■ **Exercise**: Every line of the entries that holds the word "chapter" is to be copied.

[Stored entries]

◇ ◇ ◇ ◇ ◇ ◇ ◇

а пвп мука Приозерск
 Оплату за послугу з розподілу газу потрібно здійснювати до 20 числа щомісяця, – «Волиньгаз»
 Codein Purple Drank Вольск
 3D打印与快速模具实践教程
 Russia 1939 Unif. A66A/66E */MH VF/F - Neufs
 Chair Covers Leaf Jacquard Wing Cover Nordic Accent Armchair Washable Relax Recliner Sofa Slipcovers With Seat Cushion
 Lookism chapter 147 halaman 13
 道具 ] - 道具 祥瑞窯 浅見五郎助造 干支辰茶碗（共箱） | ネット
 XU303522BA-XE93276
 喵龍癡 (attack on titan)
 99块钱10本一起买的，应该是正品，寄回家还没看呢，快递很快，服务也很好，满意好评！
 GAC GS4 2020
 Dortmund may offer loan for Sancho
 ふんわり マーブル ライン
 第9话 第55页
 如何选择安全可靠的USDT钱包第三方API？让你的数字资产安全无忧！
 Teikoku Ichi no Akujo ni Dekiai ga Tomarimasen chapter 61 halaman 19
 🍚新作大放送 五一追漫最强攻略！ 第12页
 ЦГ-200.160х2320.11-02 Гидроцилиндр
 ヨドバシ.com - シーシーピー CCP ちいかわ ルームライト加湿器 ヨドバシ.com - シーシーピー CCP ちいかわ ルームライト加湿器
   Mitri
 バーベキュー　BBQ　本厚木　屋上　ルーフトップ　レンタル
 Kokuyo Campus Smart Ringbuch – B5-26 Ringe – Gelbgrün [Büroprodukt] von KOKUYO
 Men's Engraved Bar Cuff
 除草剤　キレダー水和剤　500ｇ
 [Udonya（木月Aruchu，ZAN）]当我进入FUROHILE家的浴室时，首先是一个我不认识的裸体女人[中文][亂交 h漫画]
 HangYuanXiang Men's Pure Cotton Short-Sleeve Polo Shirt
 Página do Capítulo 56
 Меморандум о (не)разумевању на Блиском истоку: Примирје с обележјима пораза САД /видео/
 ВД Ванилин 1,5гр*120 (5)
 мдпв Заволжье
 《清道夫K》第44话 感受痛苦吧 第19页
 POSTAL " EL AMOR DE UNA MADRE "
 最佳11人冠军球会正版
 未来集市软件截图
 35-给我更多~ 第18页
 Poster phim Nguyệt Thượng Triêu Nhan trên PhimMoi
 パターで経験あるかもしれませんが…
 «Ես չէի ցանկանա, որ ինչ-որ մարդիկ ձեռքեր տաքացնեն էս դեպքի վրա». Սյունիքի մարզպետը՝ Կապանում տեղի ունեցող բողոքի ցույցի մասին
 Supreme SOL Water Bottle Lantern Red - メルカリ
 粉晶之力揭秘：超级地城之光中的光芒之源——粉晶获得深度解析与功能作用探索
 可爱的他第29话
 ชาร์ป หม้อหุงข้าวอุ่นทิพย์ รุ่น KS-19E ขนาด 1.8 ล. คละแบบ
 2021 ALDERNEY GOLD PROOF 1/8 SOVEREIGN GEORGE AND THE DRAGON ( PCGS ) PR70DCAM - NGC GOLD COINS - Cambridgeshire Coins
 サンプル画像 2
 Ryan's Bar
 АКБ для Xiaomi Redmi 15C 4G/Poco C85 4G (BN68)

◇ ◇ ◇ ◇ ◇ ◇ ◇

■ **Solution to this task**:
 Lookism chapter 147 halaman 13
 Teikoku Ichi no Akujo ni Dekiai ga Tomarimasen chapter 61 halaman 19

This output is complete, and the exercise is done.